Issue (i): Whether the assessee, as respondent in the revenue's appeal, could raise a new legal ground under Rule 27 of the Income-tax Appellate Tribunal Rules challenging the validity of the assessment notice.
Analysis: The ground raised by the assessee was purely legal and did not require fresh evidence. The respondent in an appeal is entitled to support the order appealed against on any ground available in law, even if that ground was not urged earlier, so long as the Tribunal is not asked to convert the defence into an independent attack on the order. The challenge therefore fell within the permissible scope of Rule 27.
Conclusion: The assessee was entitled to raise the new legal ground before the Tribunal.
Issue (ii): Whether the notice under section 143(2) was issued within the mandatory time limit in the block assessment proceedings.
Analysis: On the material before it, including the departmental correspondence and the absence of production of the assessment records despite direction, the Tribunal held that the notice under section 143(2) was actually issued on 15/10/2001 and not on 15/10/2000. Since the notice was not issued within the mandatory period from the filing of the block return, the assessment suffered from a jurisdictional defect and could not be sustained.

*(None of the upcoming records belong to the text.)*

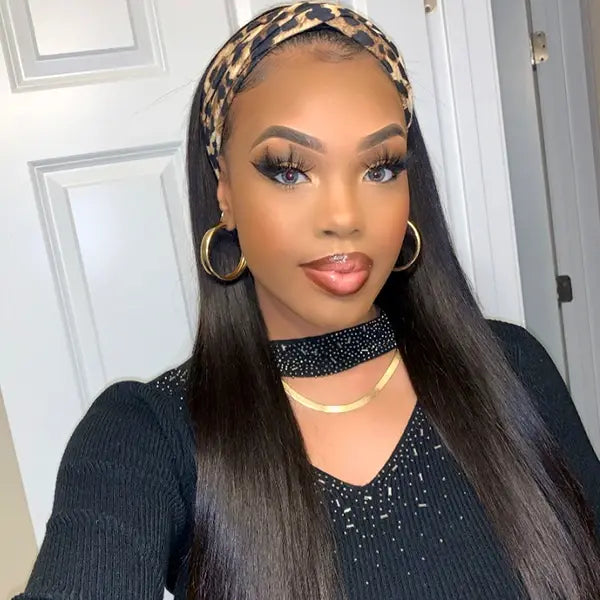 Headband Wig Silky Straight Human Hair HBWT 1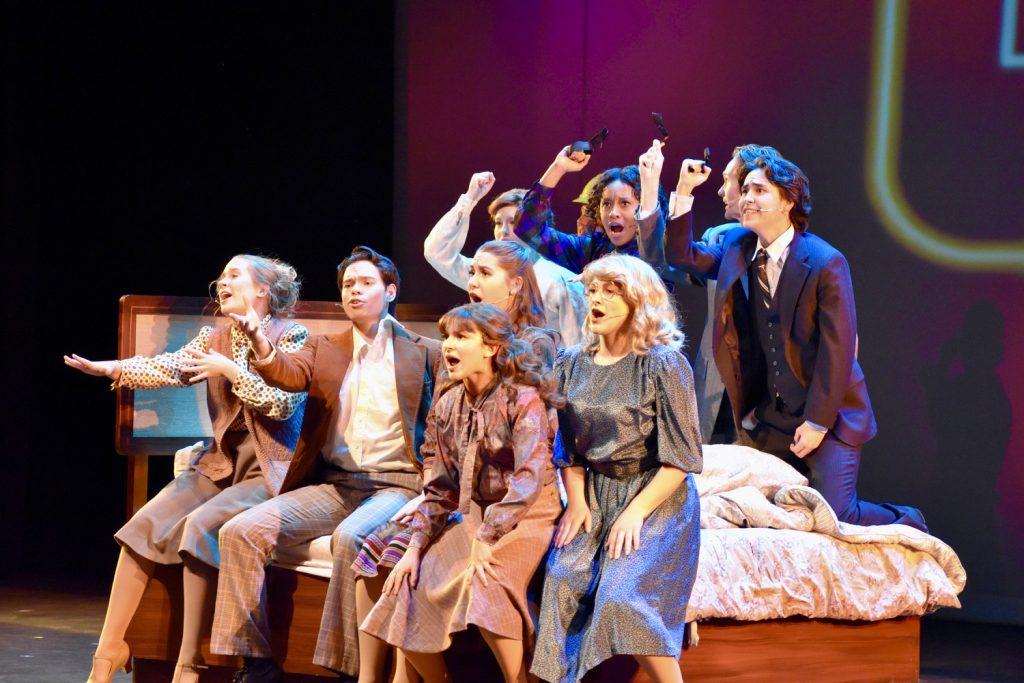 The cast of "9 to 5 The Musical" performs a scene from their show during a dress rehearsal in Smothers Theatre on Nov. 12. Junior Tessa Hemphill, who plays Judy Bernly, said the cast treats the rehearsal like the real show, running from start to finish. Photos by Mary Elisabeth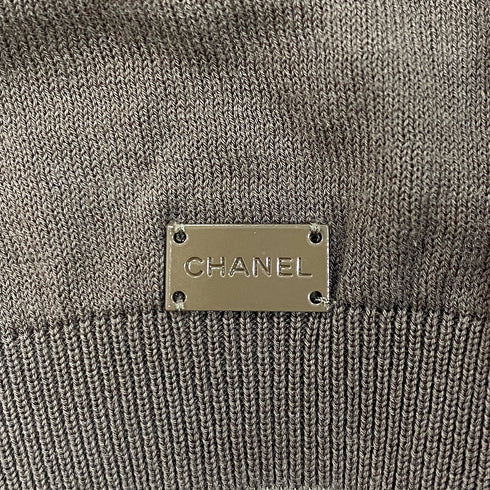 CHANEL SHORT SLEEVE TOPS BROWN COTTON 42 03C RTW 90288017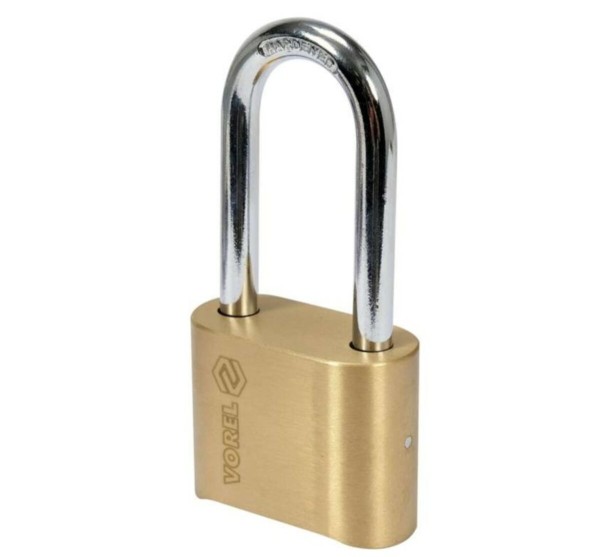 Замок навісний з кодовим замиканням VOREL: латунний корпус- 52х 40 х25 мм, сталева дуга- 56х25х 8 мм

Conclusion: The notice under section 143(2) was time-barred and the block assessment was invalid.
Final Conclusion: The revenue's challenge failed because the assessee's legal objection was maintainable and the assessment was vitiated by non-compliance with the mandatory notice requirement in block assessment proceedings.
Ratio Decidendi: A respondent in an appeal may raise a pure question of law to support the order under appeal, and in block assessment proceedings failure to issue the notice under section 143(2) within the prescribed time is a mandatory defect that invalidates the assessment.